Шафонский был давно бледен, сознавая опасность; теперь он понял, что роковая развязка близится…
Не только смелый и умный деятель, а сам генерал-губернатор, или преосвященный Амвросий, или целый полк солдат – ничего бы тут не сделали и не сломили бы серое надвигавшееся с остервенением на сердце полчище с лохматыми бородами, огромными кулачищами и диким ревом гнева и мести. Остановил все, рассеял грозу, усмирил полчище и спас Шафонского какой-то белобрысенький паренек, которого большинство никогда не видело и только человек с десяток знали по имени.
– Что за командир?
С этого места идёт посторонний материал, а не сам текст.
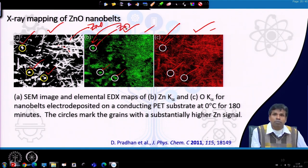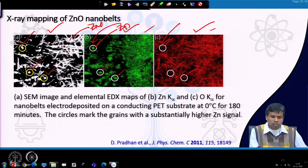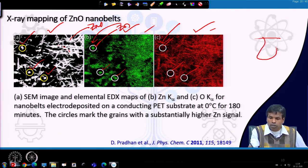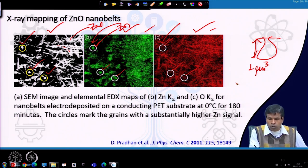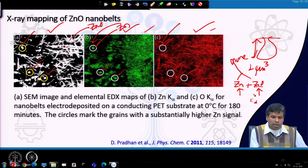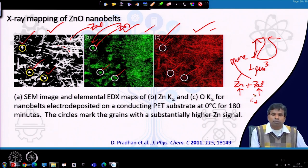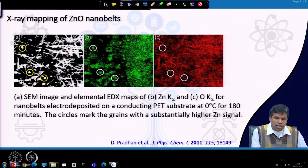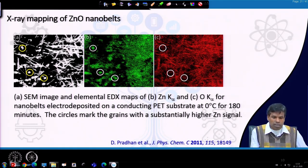If we do elemental composition of a particular area, the interaction volume is approximately 1 micrometer cube, so the zinc composition measured will include zinc from both zinc metal and zinc oxide. Therefore the stoichiometry will not be maintained at 1:1 in this kind of sample. To know the distribution or presence of zinc metal, mapping is most suitable — this example demonstrates how mapping helps confirm the presence of zinc metal within the zinc oxide sample.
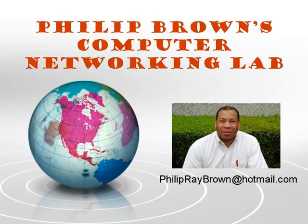Hello and welcome to Philly Brown's Computer Networking Lab. You're watching the instructional video called Routing and Remote Access Using LAN Routing.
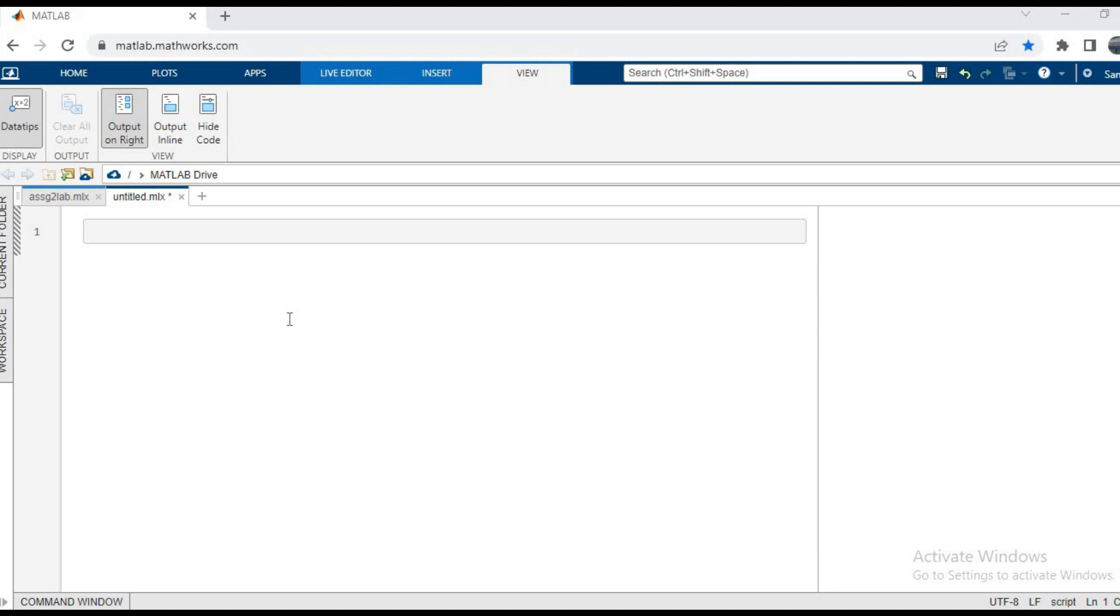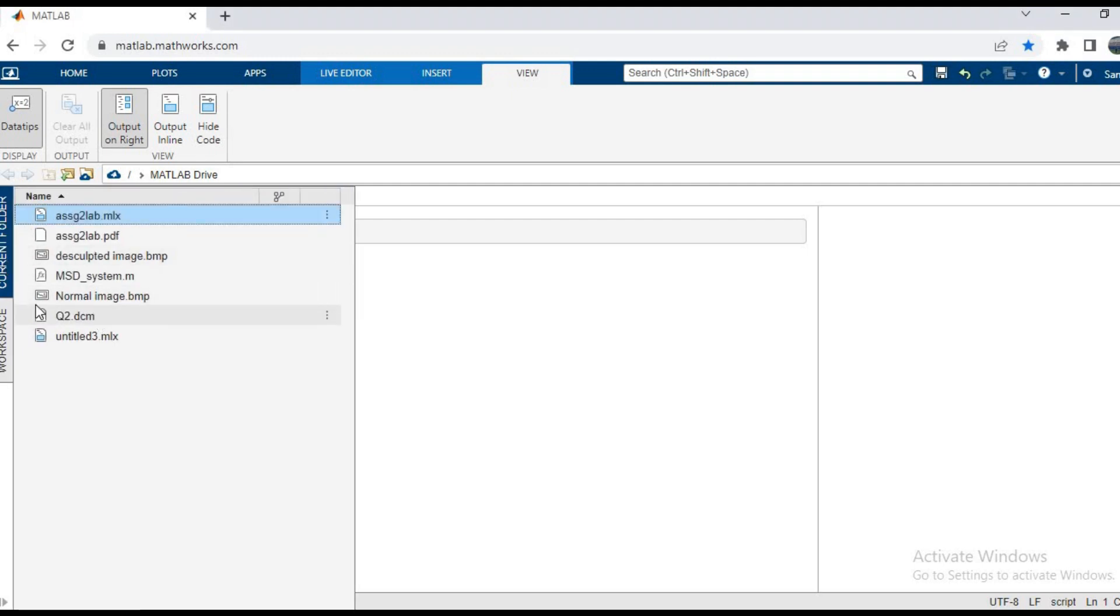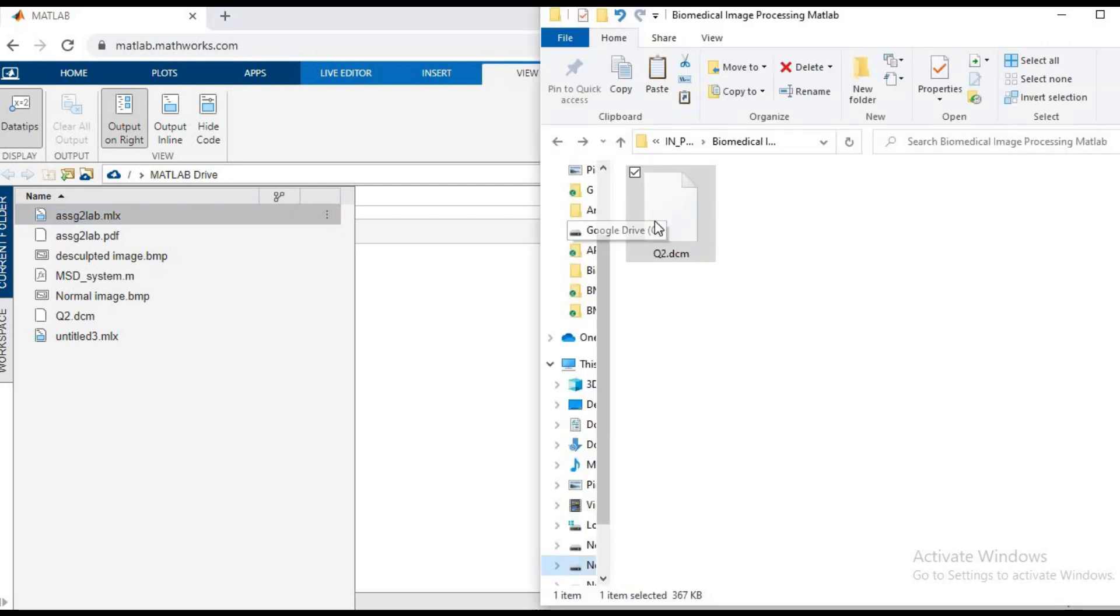So I'm logged into my MATLAB Online. In this, if you go to the current folder, you can see that I have this image. But if you do not have the DCM file, which is the DICOM file, you can go to the folder and drag it inside your browser.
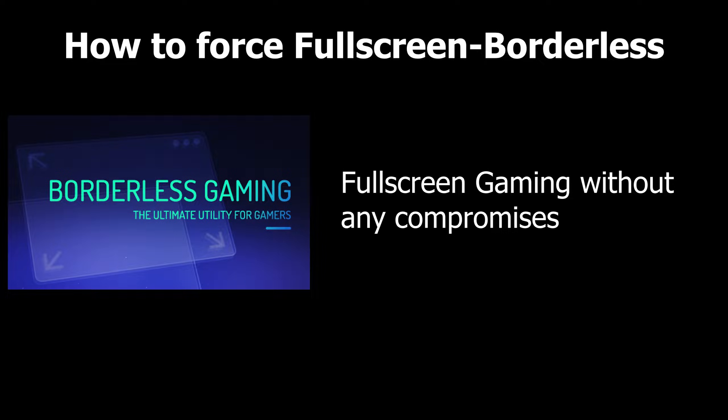In this video, I shall show you how to force borderless fullscreen in any game you wish to play.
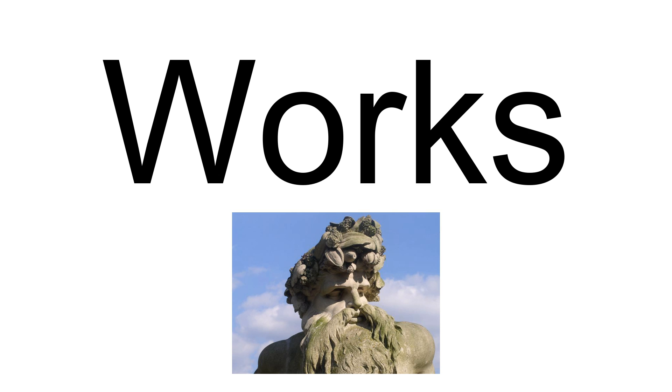Statue of Atlas on the Radcliffe Observatory, Oxford, by 1795. Statue of John Howard in St. Paul's Cathedral, 1795. Monument to Sir George Pocock in Westminster Abbey, 1796. Statue of Dr. Samuel Johnson in St. Paul's Cathedral, 1796.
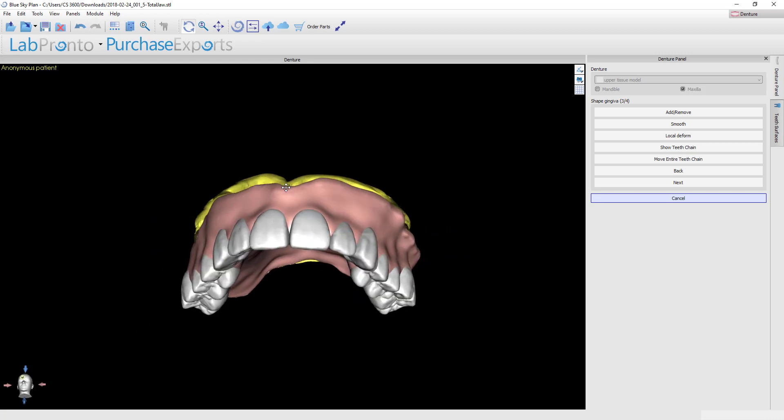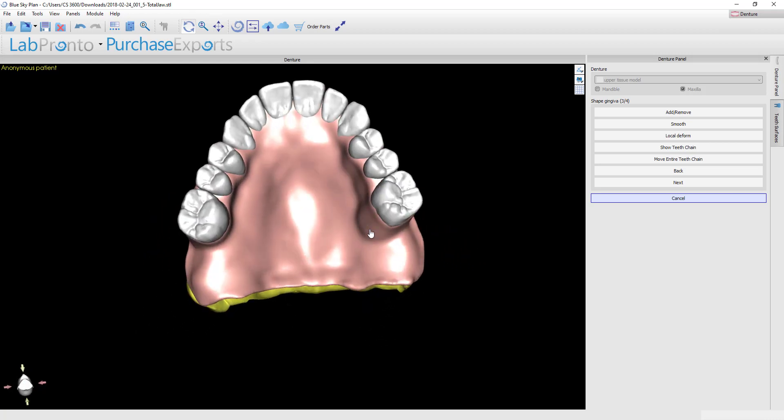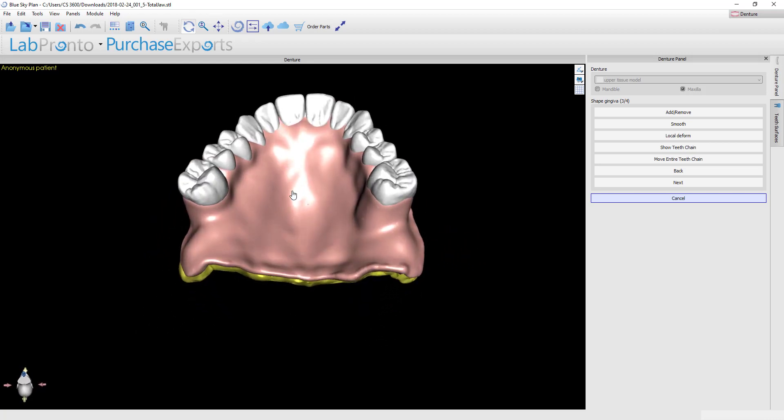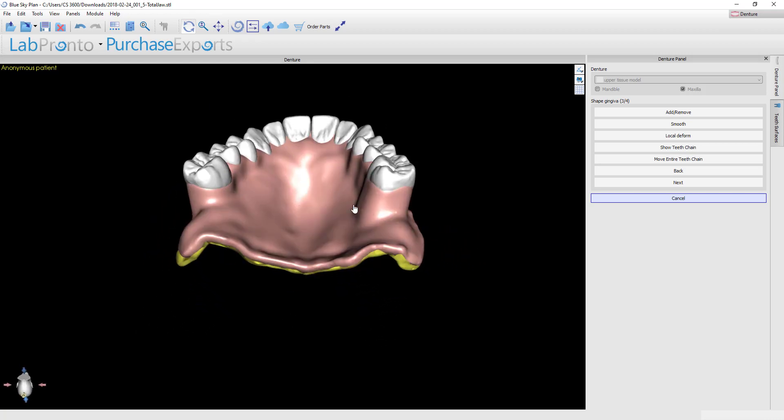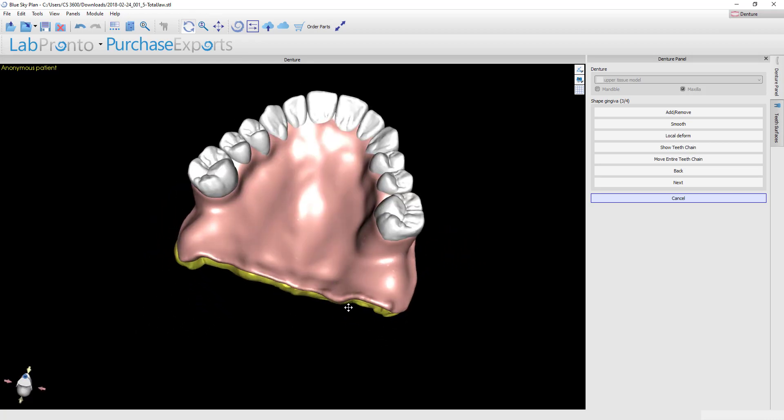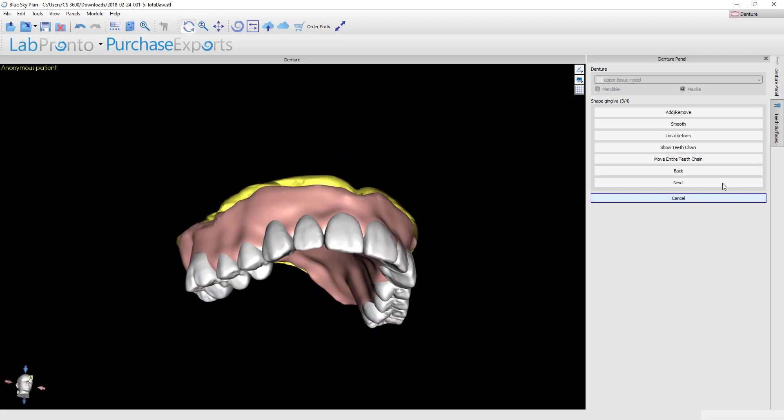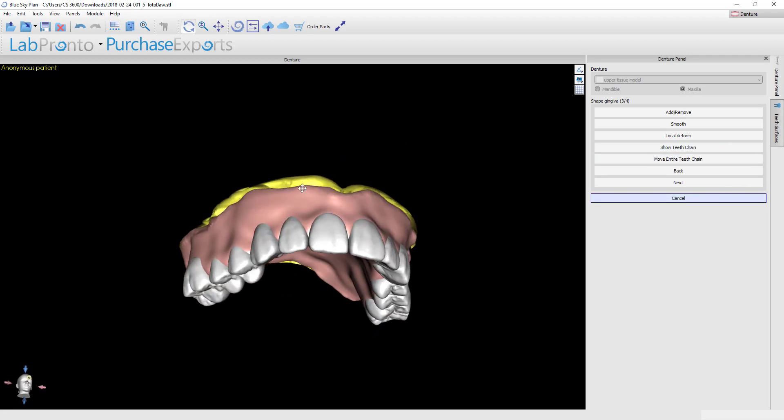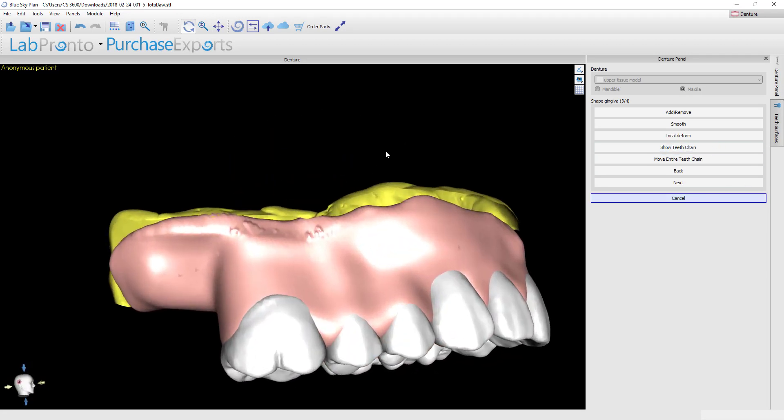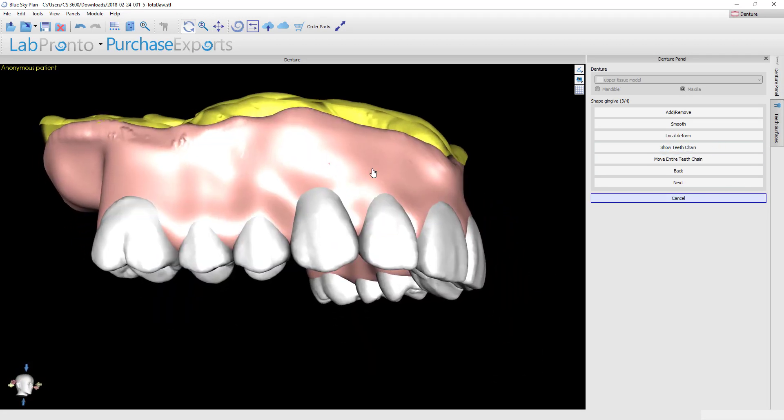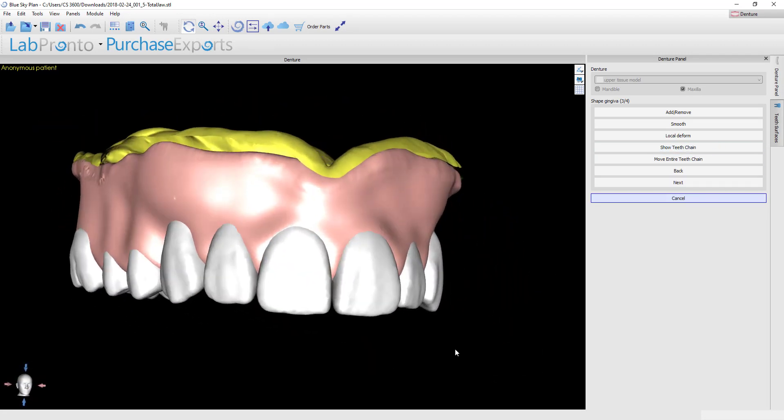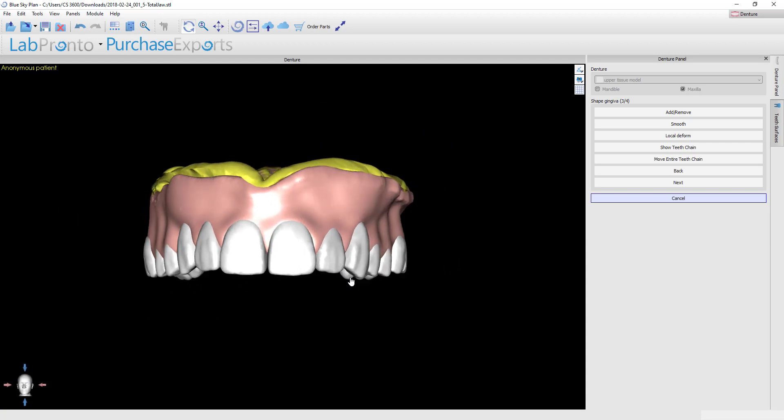With this new gingival proposal, you can see that it overall has a lot more smoothness to it because of the smoothing application that we applied in the last step. Now once you're happy with the overall shape of the base, you're ready to begin doing your gingival festooning. I'll go through the tools that you have available here one by one.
Шаркни его! Чего лезет! – раздалось при появлении парня.
– Это Ивашка! Суконщик! Ивашка! Наш разгуляевский горласт! Запевала…
В самую решительную минуту Ивашка очутился около своего прежнего доброго барина, решительный, злобно-восторженный, с какой-то мощью в звучном голосе, с какой-то силой в каждом слове, которая сразу подействовала на всех; он оттеснил самых бойких и дерзких, широко размахивая огромной лопатой.
– Каины! Ироды! Нешто вы не знаете, кто таков тут перед вами?
И Ивашка в пылкой речи рассказал, описал, объяснил, каков человек Шафонский.
– Золото! Благодетель! Милостивец, чуть не праведник!
Покуда Ивашка говорил, все его новые разгуляевские приятели пробрались чрез толпу к нему и к Шафонскому и, сами того не зная, образовали между ним и бешеной толпой живую изгородь, заградившую от Шафонского позор, мученья, а быть может, и смерть.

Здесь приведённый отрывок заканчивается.